One of the most useful programming structures in Python is to write our own functions with a custom functionality that is specific to our goals.

## Basic Function Syntax

Writing a function in Python is pretty easy! You need to know a few things:

*   Functions begin with the keyword `def`.
*   This keyword is followed by the function *name*.
    *   The name must obey the same rules as variable names.
*   The **arguments** or **parameters** are defined in parentheses as variable names.
    *   Use empty parentheses if the function doesn't take any inputs.
*   A colon indicates the end of the function *signature* (the first line).
*   An indented block of code denotes the start of the *body*.
*   The final line should be a `return` statement with the value(s) to be returned from the function.

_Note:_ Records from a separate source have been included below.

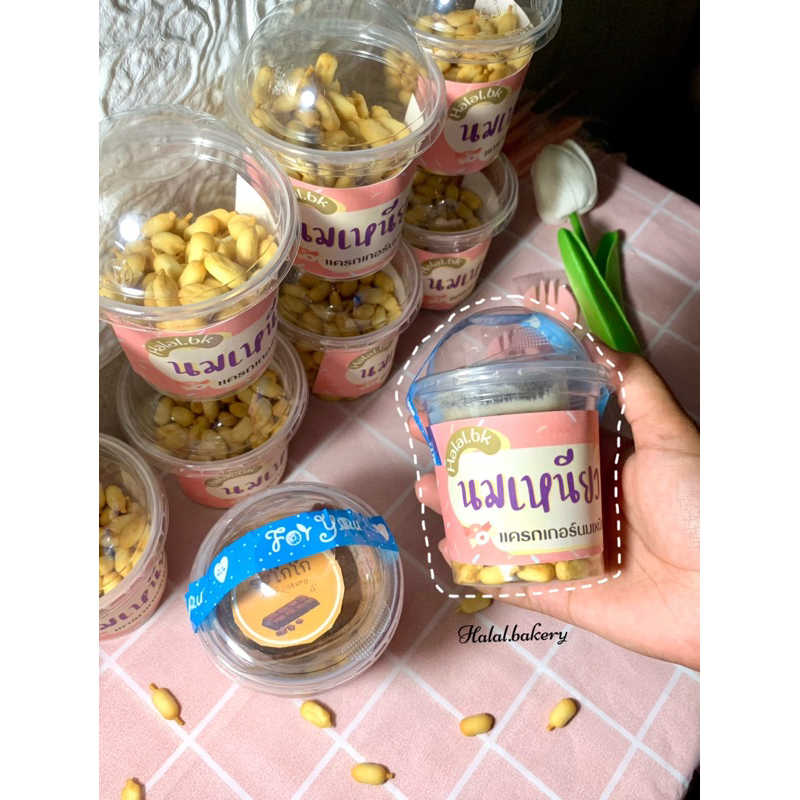 แครกเกอร์นมเหนียว Halal.bakery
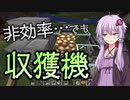 【Minecraft】結月ゆかりがマインクラフト12【VOICEROID実況】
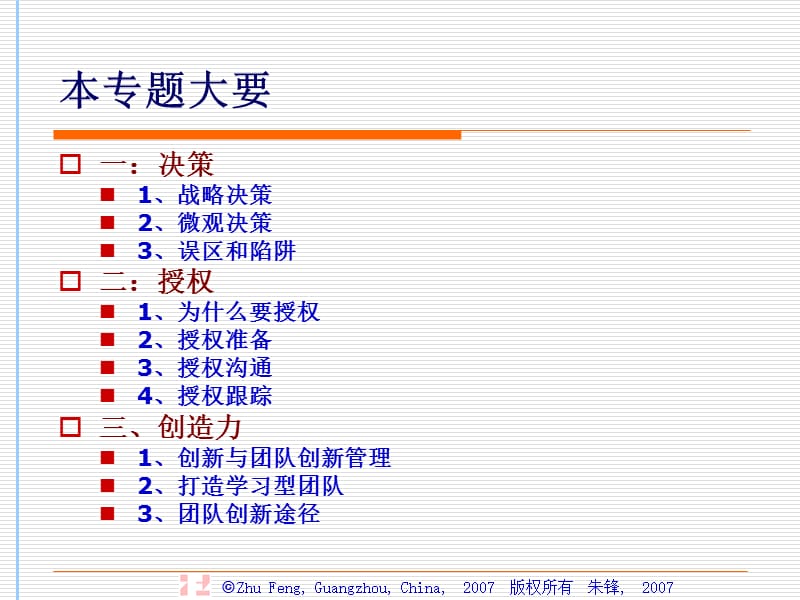 LT02-决策、授权和创新管理.ppt_第2页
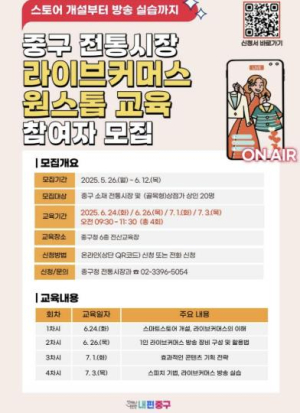 전통시장·골목형상점가 온라인 판로 개척 위해...서울 중구, 라이브커머스 교육 및 방송 지원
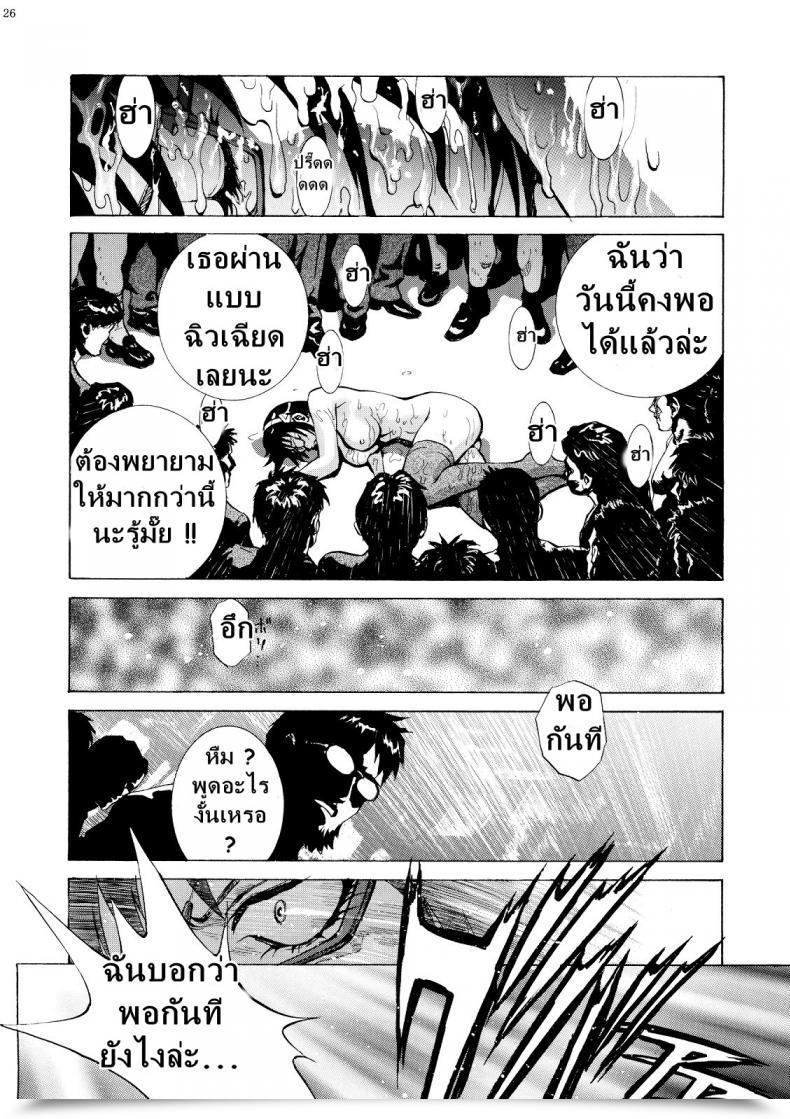 Doujin Shiosaba Makinami Ni Chikan Shitemiru Wish To Try To Grope Makinami Human High-Light Movie โดจินแปลไทย 51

Let's take a look at a simple function:

In [None]:
def feet_to_meters(feet):
    meters = feet * .304
    return meters

Notice how there is **no output** from running the block of code above. This is because defining a function does not run it. The function needs to be **called**, or run, with appropriate arguments to execute the code it contains. 

Let's run this function. We can save the output to a variable and print the result.

In [None]:
meters = feet_to_meters(100)
print(meters)

## 💭 Reflection: Variables and "Scope"

Note how we've used the name `meters` twice above: both within the function definition, and for the variable that takes the output of the function. What's going on here?

Arguments and variables created within the function **only exist within the scope of the function!** So `meters` within the function definition is a *different variable* than `meters` which now holds `30.4`.

In fancy words, the variable `meters` in the function definition only exists **within the scope of** that function definition. This is very important to remember!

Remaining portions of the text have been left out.